Italy has cut its public spending by about €30bn per year as a result of a controversial review of its expenditure, senior government officials said on Tuesday in an attempt to defend their record on fiscal discipline.
In a presentation at the Italian parliament, Yoram Gutgeld – the spending chief in the centre-left government – said that a review of expenditure that began in 2014 had yielded savings of €25bn in 2016, with €30bn and €31.5bn more to come in 2017 and 2018 respectively.
The data offered by Mr Gutgeld comes as Italy is preparing to present its annual budget in October, which is expected to be the object of tough scrutiny by EU authorities.
Italy is expected to push for a higher budget deficit limit than previously agreed with the EU, in order to support its sluggish economic recovery ahead of a general election to be held in early 2018 at the latest.
“We are not aspiring for cuts, we are aiming for efficiency,” said Paolo Gentiloni, prime minister, said as he flanked Mr Gutgeld at the presentation. “If we really want to accompany the recovery which is showing positive signs in our country, we have to continue with this work,” he added.
Because of its high level of public debt – worth about 133 per cent of GDP – Italy is under constant pressure to get its fiscal house in order so that it is less vulnerable to the kind of sovereign debt crisis it experienced in 2011.
The International Monetary Fund has acknowledged Rome’s “efforts” in recent years to cut spending, but said “further steps” are still needed.
Mr Gutgeld said cuts implemented since 2014 were focused on public procurement, health spending, and cuts to government personnel through attrition.
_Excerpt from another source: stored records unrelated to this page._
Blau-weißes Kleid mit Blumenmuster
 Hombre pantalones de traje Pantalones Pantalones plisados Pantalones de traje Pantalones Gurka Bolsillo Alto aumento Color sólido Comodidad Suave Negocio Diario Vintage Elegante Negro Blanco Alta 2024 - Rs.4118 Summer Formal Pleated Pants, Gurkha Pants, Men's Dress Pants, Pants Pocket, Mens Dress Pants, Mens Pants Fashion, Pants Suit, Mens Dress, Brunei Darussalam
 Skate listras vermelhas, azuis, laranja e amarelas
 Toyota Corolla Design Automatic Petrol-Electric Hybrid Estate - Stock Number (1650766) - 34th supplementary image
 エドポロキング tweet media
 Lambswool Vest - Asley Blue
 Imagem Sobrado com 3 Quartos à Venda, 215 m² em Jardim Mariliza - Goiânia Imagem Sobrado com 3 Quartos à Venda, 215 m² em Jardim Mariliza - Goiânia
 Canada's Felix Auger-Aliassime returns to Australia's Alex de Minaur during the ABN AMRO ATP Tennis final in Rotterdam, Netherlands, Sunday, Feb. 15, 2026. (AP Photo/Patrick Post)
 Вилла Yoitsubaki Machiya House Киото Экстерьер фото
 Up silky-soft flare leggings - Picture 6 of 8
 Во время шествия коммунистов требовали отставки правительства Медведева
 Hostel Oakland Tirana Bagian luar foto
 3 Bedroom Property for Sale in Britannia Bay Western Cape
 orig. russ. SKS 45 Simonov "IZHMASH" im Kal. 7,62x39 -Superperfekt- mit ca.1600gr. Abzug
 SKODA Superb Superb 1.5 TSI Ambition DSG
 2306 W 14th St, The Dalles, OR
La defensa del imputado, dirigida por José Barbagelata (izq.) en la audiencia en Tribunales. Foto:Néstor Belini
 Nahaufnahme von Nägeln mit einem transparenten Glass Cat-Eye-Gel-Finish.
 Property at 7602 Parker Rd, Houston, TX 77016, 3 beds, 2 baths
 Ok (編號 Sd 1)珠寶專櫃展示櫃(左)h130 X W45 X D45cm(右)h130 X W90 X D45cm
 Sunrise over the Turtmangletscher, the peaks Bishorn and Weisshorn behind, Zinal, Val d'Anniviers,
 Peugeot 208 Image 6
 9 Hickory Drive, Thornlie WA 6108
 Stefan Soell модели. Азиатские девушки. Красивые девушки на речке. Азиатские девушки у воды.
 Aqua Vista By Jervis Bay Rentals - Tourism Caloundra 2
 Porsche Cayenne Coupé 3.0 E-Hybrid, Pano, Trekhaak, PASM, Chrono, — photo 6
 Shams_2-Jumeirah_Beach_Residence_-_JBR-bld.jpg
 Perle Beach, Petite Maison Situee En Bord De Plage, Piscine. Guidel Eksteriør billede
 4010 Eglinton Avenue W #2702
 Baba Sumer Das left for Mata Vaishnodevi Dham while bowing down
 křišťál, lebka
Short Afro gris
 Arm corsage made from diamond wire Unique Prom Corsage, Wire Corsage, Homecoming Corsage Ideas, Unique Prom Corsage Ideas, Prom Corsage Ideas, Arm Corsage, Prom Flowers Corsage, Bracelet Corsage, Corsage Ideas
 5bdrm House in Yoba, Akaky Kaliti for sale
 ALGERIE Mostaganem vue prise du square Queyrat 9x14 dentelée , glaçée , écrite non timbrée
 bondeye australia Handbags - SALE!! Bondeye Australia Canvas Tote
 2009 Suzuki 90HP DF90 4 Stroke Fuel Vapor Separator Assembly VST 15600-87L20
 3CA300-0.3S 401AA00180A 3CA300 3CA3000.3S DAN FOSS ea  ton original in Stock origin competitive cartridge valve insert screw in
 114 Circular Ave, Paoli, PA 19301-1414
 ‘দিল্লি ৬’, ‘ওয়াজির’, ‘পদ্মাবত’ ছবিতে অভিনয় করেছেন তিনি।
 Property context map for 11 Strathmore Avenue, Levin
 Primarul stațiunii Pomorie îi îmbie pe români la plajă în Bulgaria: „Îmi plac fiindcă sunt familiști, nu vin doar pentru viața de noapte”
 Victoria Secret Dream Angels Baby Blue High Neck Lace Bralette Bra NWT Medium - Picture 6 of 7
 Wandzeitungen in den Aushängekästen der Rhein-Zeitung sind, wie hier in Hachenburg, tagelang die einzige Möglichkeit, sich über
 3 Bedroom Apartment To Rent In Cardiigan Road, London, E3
The so-called “spending review” – launched by former prime minister Matteo Renzi – has come under fire in the past for not being aggressive enough. Mr Gutgeld’s predecessor in the role, Carlo Cottarelli, left the position amid tensions with Mr Renzi.
But Mr Gutgeld said public sector spending in Italy – aside from the high cost of interest payments – had increased by just 0.2 per cent between 2013 and 2016, compared to an EU average of 6.6 per cent.